Ms. Lefkae cleared her throat. "Dear Lord, thank you for all and all and more. Many blessings have befallen me: a new school – off to a great start – and Belle’s invitation to dine within her beautiful home all the more benevolent. Give Belle and her mother, Norma, what they truly deserve in life: the same kindness that they’ve shown me ... Oh, and thank you for the food we are about to receive!"
"Amen," they all said in unison. Hands lifted.
"That was lovely," said Norma.
"I’m a little rusty, too. Eating alone usually has me praising Him in my thoughts alone, less so out loud."
"It was perfect," said Belle, although that what they deserve section of the prayer had bothered her.

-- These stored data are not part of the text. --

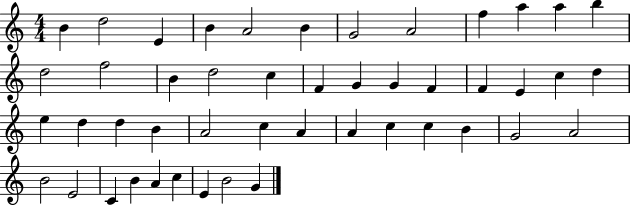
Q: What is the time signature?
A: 4/4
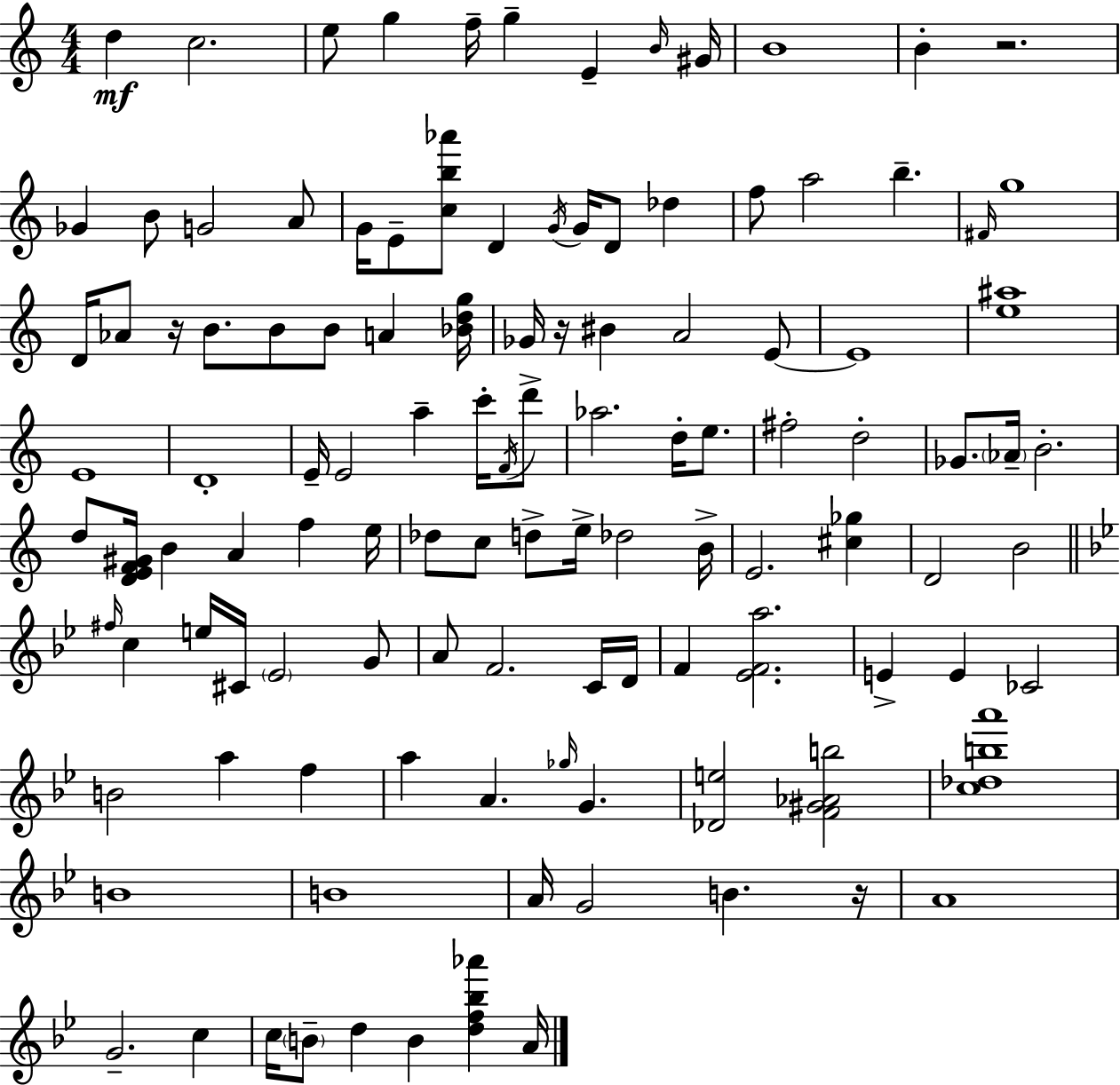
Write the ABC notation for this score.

X:1
T:Untitled
M:4/4
L:1/4
K:Am
d c2 e/2 g f/4 g E B/4 ^G/4 B4 B z2 _G B/2 G2 A/2 G/4 E/2 [cb_a']/2 D G/4 G/4 D/2 _d f/2 a2 b ^F/4 g4 D/4 _A/2 z/4 B/2 B/2 B/2 A [_Bdg]/4 _G/4 z/4 ^B A2 E/2 E4 [e^a]4 E4 D4 E/4 E2 a c'/4 F/4 d'/2 _a2 d/4 e/2 ^f2 d2 _G/2 _A/4 B2 d/2 [DEF^G]/4 B A f e/4 _d/2 c/2 d/2 e/4 _d2 B/4 E2 [^c_g] D2 B2 ^f/4 c e/4 ^C/4 _E2 G/2 A/2 F2 C/4 D/4 F [_EFa]2 E E _C2 B2 a f a A _g/4 G [_De]2 [F^G_Ab]2 [c_dba']4 B4 B4 A/4 G2 B z/4 A4 G2 c c/4 B/2 d B [df_b_a'] A/4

The room was quiet until the forks began hitting through the paper plates, against the table. Belle felt good as she watched them dig in. That is, until Ms. Lefkae took a bite of the chicken.
"You know," covering her mouth delicately, then swallowing, "this tastes an awful lot like what I used to make for myself while I was off at college. I didn’t have too much energy or money to waste, nor the skill to combat a chicken in the kitchen, but I made do with what I could find." Ms. Lefkae winked at Belle and proceeded to eat.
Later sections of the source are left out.